Transforming guided waves with metamaterial waveguide cores
Paper in proceedings, 2016
Metamaterials make use of subwavelength building blocks to enhance our control on the propagation of light. To determine the required material properties for a given functionality, i.e., a set of desired light flows inside a metamaterial device, metamaterial designs often rely on a geometrical design tool known as transformation optics. In recent years, applications in integrated photonics motivated several research groups to develop two-dimensional versions of transformation optics capable of routing surface waves along graphene-dielectric and metal-dielectric interfaces. Although guided electromagnetic waves are highly relevant to applications in integrated optics, no consistent transformation-optical framework has so far been developed for slab waveguides. Indeed, the conventional application of transformation optics to dielectric slab waveguides leads to bulky three-dimensional devices with metamaterial implementations both inside and outside of the waveguide's core. In this contribution, we develop a transformation-optical framework that still results in thin metamaterial waveguide devices consisting of a nonmagnetic metamaterial core of varying thickness [Phys.

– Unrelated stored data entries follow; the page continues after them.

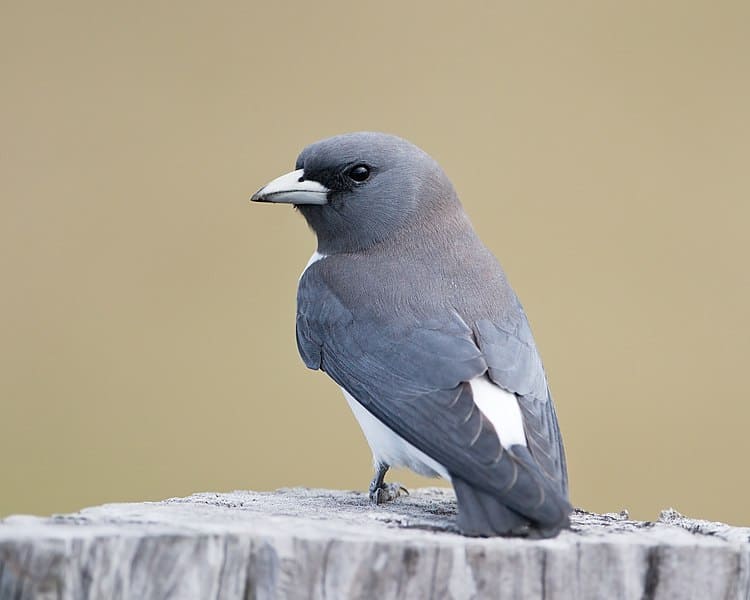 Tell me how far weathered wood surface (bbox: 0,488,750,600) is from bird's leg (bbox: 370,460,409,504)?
871mm

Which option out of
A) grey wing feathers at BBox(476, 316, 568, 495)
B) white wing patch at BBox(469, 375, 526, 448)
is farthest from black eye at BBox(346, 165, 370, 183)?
white wing patch at BBox(469, 375, 526, 448)

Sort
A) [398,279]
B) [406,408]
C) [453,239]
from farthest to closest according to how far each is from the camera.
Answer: [453,239] → [398,279] → [406,408]

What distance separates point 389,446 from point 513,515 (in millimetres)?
890

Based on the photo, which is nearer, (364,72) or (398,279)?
(398,279)

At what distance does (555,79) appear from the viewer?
8.30 meters

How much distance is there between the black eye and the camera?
4.33 metres

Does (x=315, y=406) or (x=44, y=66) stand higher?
(x=44, y=66)

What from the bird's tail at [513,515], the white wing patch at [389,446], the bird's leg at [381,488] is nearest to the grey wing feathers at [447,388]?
the bird's tail at [513,515]

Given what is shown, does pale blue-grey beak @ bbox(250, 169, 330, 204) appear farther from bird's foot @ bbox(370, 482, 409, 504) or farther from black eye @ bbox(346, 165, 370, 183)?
bird's foot @ bbox(370, 482, 409, 504)

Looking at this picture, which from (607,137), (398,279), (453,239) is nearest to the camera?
(398,279)

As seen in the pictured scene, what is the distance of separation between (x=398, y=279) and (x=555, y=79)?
4766mm

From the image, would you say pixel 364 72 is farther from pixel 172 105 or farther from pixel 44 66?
pixel 44 66

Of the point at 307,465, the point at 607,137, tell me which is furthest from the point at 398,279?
the point at 607,137

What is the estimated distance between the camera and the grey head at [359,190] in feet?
14.1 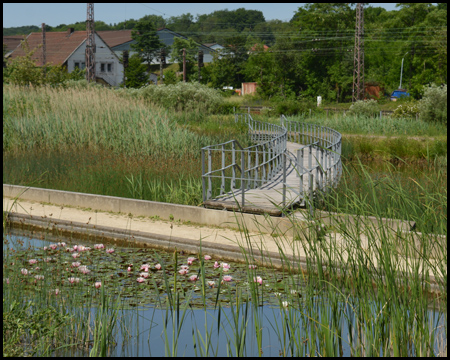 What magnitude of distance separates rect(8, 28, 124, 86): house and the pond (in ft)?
190

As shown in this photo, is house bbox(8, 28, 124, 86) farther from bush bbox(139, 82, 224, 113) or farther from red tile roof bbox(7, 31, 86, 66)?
bush bbox(139, 82, 224, 113)

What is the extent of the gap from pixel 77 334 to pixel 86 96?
15157 millimetres

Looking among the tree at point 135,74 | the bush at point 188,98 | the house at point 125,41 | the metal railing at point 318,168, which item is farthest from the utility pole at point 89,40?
the metal railing at point 318,168

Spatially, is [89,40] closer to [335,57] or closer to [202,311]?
[335,57]

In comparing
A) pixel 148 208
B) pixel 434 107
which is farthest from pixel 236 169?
pixel 434 107

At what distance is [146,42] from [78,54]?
9.66 metres

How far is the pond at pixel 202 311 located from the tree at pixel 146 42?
213 feet

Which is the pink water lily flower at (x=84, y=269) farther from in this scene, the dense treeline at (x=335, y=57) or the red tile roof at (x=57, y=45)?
the red tile roof at (x=57, y=45)

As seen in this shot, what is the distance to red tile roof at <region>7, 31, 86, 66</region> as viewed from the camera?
6334cm

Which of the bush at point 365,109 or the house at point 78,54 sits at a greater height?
the house at point 78,54

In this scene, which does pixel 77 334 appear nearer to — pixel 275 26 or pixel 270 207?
pixel 270 207

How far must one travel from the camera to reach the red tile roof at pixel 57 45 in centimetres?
6334

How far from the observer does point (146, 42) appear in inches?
2803

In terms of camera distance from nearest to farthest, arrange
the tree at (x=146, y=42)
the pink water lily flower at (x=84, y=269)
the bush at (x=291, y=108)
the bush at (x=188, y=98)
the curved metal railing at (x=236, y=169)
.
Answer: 1. the pink water lily flower at (x=84, y=269)
2. the curved metal railing at (x=236, y=169)
3. the bush at (x=188, y=98)
4. the bush at (x=291, y=108)
5. the tree at (x=146, y=42) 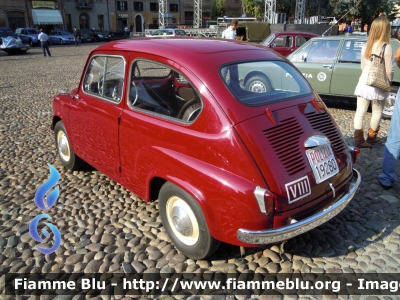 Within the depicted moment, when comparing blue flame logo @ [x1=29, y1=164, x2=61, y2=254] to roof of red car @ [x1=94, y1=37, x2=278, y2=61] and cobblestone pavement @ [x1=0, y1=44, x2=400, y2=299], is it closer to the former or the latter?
cobblestone pavement @ [x1=0, y1=44, x2=400, y2=299]

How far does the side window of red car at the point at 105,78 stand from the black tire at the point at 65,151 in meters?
0.90

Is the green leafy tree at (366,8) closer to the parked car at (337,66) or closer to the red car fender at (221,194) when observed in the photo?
the parked car at (337,66)

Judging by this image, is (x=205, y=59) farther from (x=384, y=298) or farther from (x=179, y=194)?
(x=384, y=298)

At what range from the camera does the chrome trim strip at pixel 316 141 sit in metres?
2.87

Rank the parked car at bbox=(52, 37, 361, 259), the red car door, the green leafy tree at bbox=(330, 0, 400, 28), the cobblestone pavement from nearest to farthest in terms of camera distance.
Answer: the parked car at bbox=(52, 37, 361, 259)
the cobblestone pavement
the red car door
the green leafy tree at bbox=(330, 0, 400, 28)

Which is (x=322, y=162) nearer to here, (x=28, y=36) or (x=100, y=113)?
(x=100, y=113)

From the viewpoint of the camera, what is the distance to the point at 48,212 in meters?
3.86

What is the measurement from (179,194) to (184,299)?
2.63 ft

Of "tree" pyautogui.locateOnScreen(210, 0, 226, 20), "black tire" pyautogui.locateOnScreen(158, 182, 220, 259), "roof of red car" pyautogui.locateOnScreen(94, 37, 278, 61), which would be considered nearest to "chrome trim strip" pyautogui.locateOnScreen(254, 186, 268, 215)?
"black tire" pyautogui.locateOnScreen(158, 182, 220, 259)

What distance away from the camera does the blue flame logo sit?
333 centimetres

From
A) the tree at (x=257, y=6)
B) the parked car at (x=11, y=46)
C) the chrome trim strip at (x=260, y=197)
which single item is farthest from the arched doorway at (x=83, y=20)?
the chrome trim strip at (x=260, y=197)

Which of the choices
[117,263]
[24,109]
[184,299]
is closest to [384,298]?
[184,299]

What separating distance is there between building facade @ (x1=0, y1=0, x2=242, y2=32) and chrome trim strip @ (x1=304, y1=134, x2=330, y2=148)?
164 feet

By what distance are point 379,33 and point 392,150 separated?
194 cm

Rev. B 93.8, 085429 (2016)]. We numerically demonstrate the effectiveness and versatility of our equivalence relations with three crucial functionalities: a beam bender, a beam splitter and a conformal lens. Our devices perform well on a qualitative (comparison of fields) and quantitative (comparison of transmitted power) level compared to their bulky counterparts. As a result, the geometrical toolbox of transformation optics may lead to a plethora of integrated metamaterial devices to route guided waves along optical chips.